After getting an earful for a year, my curiosity peaked…while I was in Iran.
One summer, staying at my grandparents’ house in Tehran, I found myself always alone, bored, and hot.
The weather clearly had a huge effect on my libido, because in the intense heat, while forcing myself to read some Agatha Christie novel, all I could think about was sex. My pent up sexual frustration had turned me into a hormonal male teenager, and so I decided to try what everyone raved about, and
I fucking saw stars.
Needless to say, I didn’t have the tools in Tehran, but it was a perfect introduction to my sexuality.
Nice to meet you, too.
Fast forward a few months later, where I was still releasing myself manually. All of my friends had ‘friends’ (vibrators – if you haven’t caught on yet). Long ones, thick ones, expensive ones, cheap ones, squiggly ones…bla bla bla. I wasn’t averse to getting a ‘friend’ BUT I couldn’t bring myself to purchase one on my own.
Clearly my brother’s friend didn’t feel this shame, because he bought one for my straight BRO-y brother’s birthday. I guess buying sex toys is an inside joke for the immature. My brother laughingly told me this as he threw the vibrator into our garbage can. And took the trash out. He thought it was hilarious, but obviously couldn’t see a use for it.
Once my brother was out of sight, I ran outside my house, dug through the garbage (don’t JUDGE) and grabbed it. It was packaged of course, not a nasty tossed out vibrator–I SWEAR.
Thats how I met my friend. He can glow in the dark, and can take it slow or fast depending on my mood. He caters to me. He’s always sitting in the exact same spot, and until the Duracell AA’s die, he’s always very responsive.
This is why we’re besties.
I don’t really have a name for him, but I know he feels threatened when someone tries to replace him.
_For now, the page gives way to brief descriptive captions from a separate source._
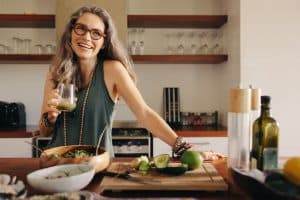 Healthy senior woman smiling while holding some green juice in her kitchen.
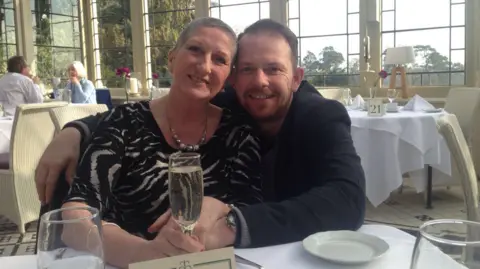 Linda Morris pictured next to her son Craig. She's holding a glass and smiling at the camera.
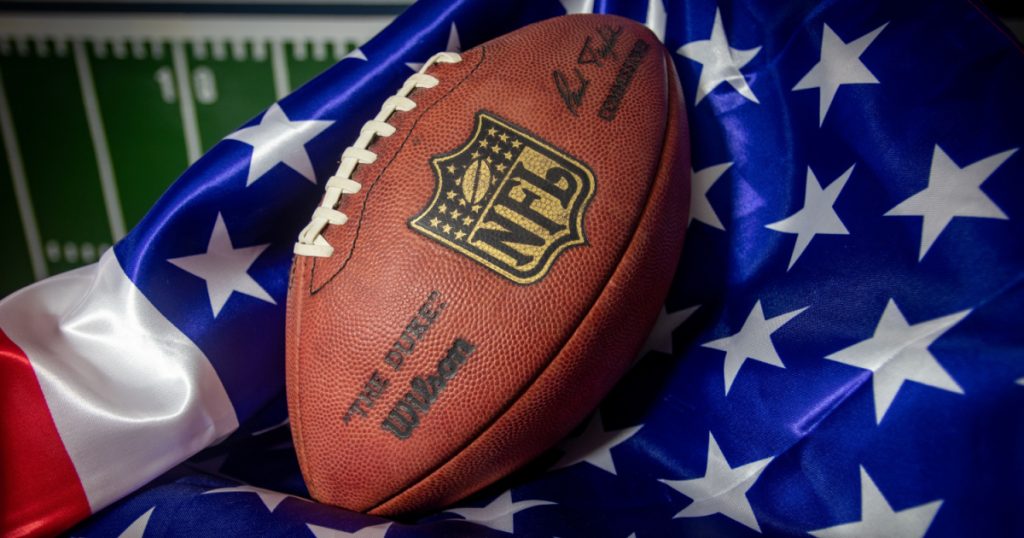 Madrid, Spain - 22 September 2021: Photoshoot with an NFL ball and an American flag.
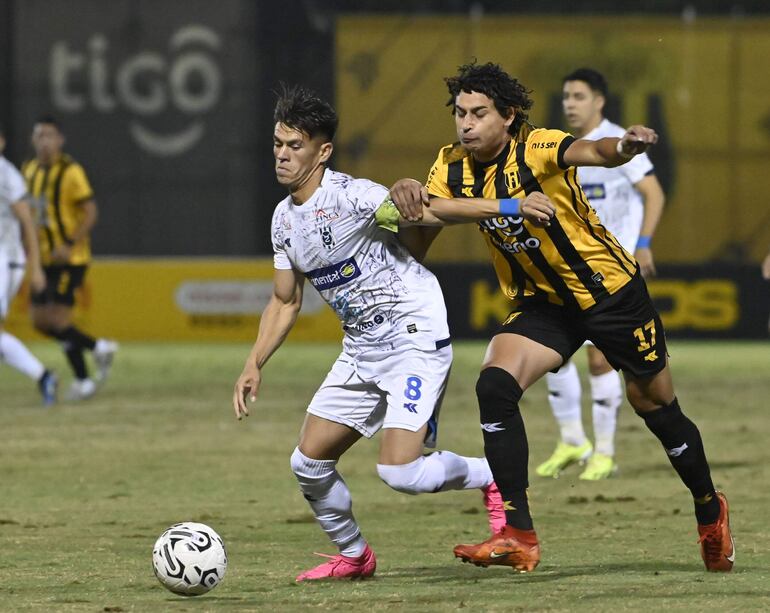 El volante del 2 de Mayo PJC, Javier Domínguez, se lleva el balón ante la marca del delantero de Guaraní Adrián Alcaraz.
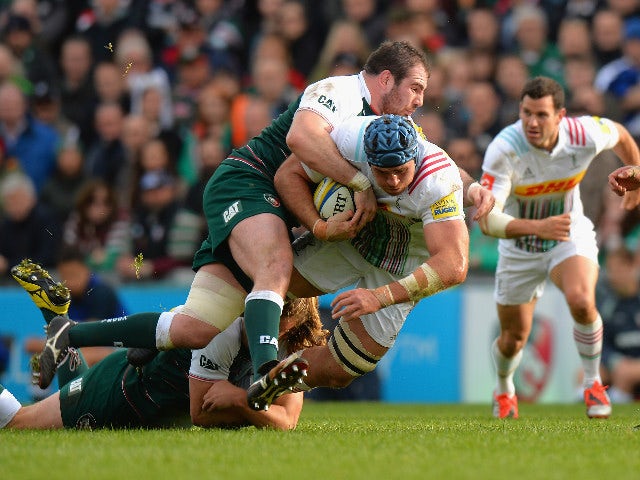 Sam Harrison and Fraser Balmain of Leicester Tigers tackle James Horwill of Harlequins during the Aviva Premiership match between Leicester Tigers and Harlequins at Welford Road on October 25, 2015 in Leicester, England.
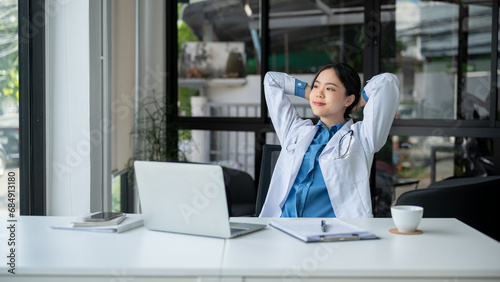 Foto A carefree doctor is putting her hands behind her head, taking a break after work at her desk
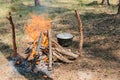 Bonfire next to the tourist camp. Journey into the wild concept. Royalty Free Stock Photo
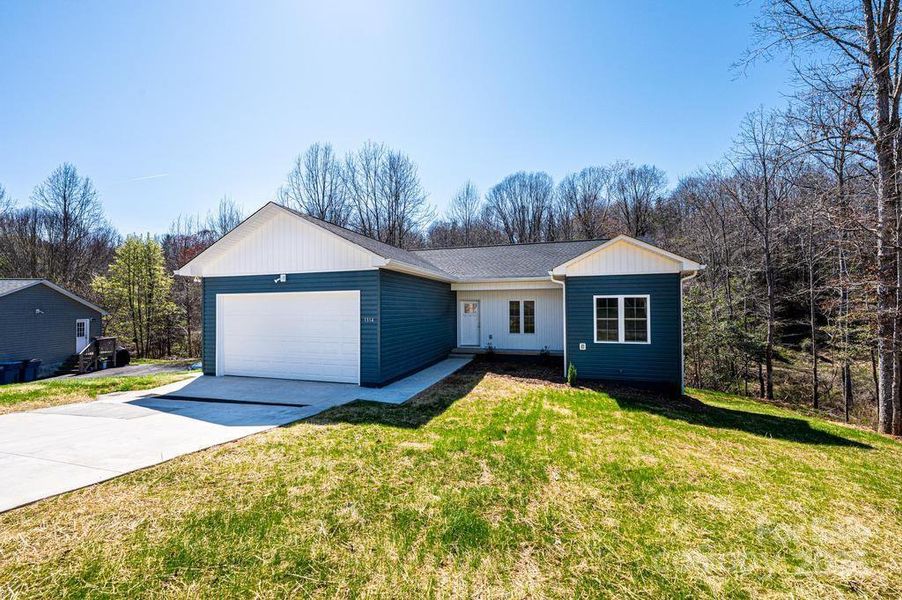 Front exterior of a new home in , Hickory, NC, highlighting curb appeal (Image 15).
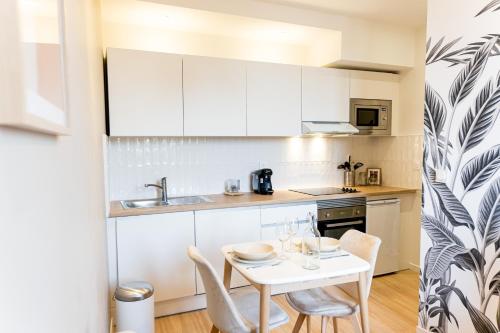 a small kitchen with a white table and chairs at Le provençal - Beau T2 centre ville - Gare - Tram in Le Mans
But that would never happen. My vibrator has really helped me-
a) release tension and frustration
b) get comfortable with my sexuality
c) understand what pleasure really is (aside from food)
I have yet to get very creative about the whole thing and explore the ‘realm of possibilities’, but for now it does the job, and I know this is going to be a preeetty long relationship :)
While you may not understand how necessary it is to have him, I guarantee you will understand when you become very frustrated with your sex life. and trust me, that day will come. Whether you fantasize about a crush, or Al Pacino as a coked-out Cuban gangster, you’ll start to get busy too…
So if you’re one of those girls who hasn’t joined the club yet, I really suggest you start getting comfortable with ‘down there’. Because it gets lonely, and needs friends too.